Ieri a Villa Manin (Passariano): eravamo in sette, sei adulti e una bambina. La bambina, forse di sette anni, era con i nonni; sembrava sinceramente interessata. Poi c'erano due giovani donne. Infine mio marito ed io.
Questi i visitatori (in un giorno feriale, per carità... di agosto, per carità...) della splendida mostra sui fratelli Basaldella. L'anziana signora che ci ha venduto il catalogo ci ha detto che i visitatori sono stati pochissimi, e pochissimi, tra loro, i giovani.
Mi sono piaciute le opere di scultura di Mirko e di Dino, alcune più di altre. Di Dino preferisco i pannelli, di Mirko i totem.
Ma i dipinti di Afro mi hanno incantata, soprattutto quelli con il rosso, magari accostato al verde.
Solo due considerazioni (di tanto che ci sarebbe da dire). La prima: la capacità di trasformare la memoria in colore luce e segno è insuperabile e lascia stupefatti, come di fronte ad un miracolo.
La seconda: lo stretto legame con la tradizione veneta del tonalismo situa un artista internazionale come Afro lungo la linea che parte da Giorgione-Tiziano per arrivare fino ai giorni nostri.

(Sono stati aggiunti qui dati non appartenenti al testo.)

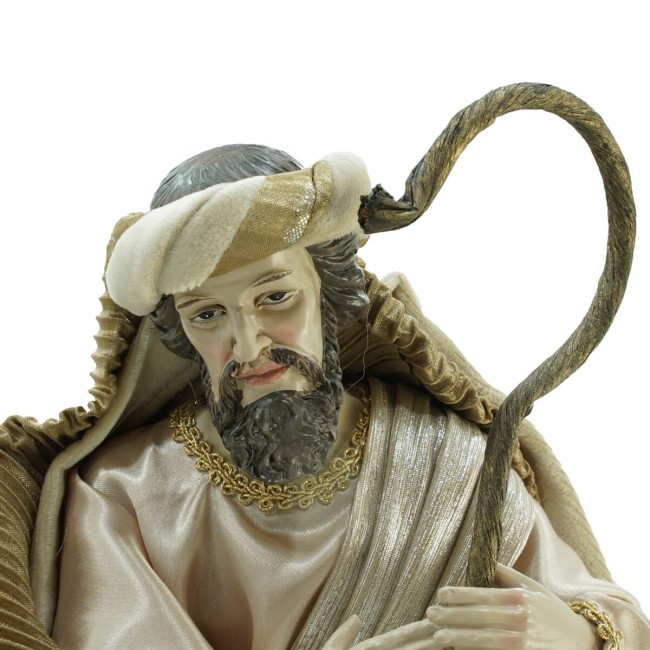 Natività in Poliresina e Tessuto 3 Pz. H.40 cm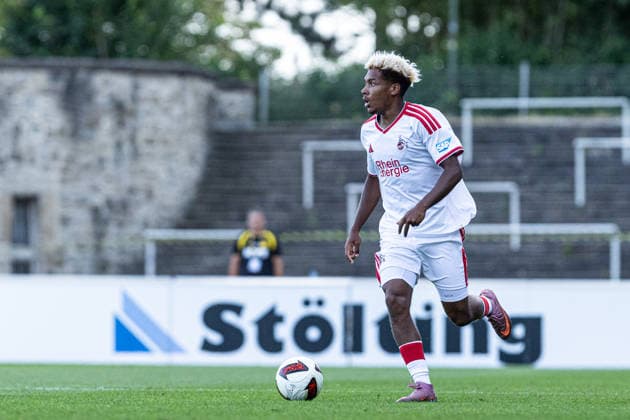 Regionalliga West: Borussia Dortmund II - 1.FC Köln II, 07.08.2026 Lionel Voufack (1. FC Köln U23, 3) Regionalliga West: Borussia Dortmund II - 1.FC Köln II, Rote Erde, Dortmund; 07.08.2026 DFB regulations prohibit any use of photographs as image sequences and or quasi video. Copyright: xBEAUTIFULxSPORTS Buriakovx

Ed una considerazione marginale: tanti sedicenti studiosi di cultura veneta, di lingua veneta, di tradizione veneta, riescono a leggere nell'opera di Afro queste radici? (veramente, in un angolino della mia mente, c'é un'altra insolente domanda: questi sedicenti studiosi di cultura veneta riescono a "leggere" tout court?)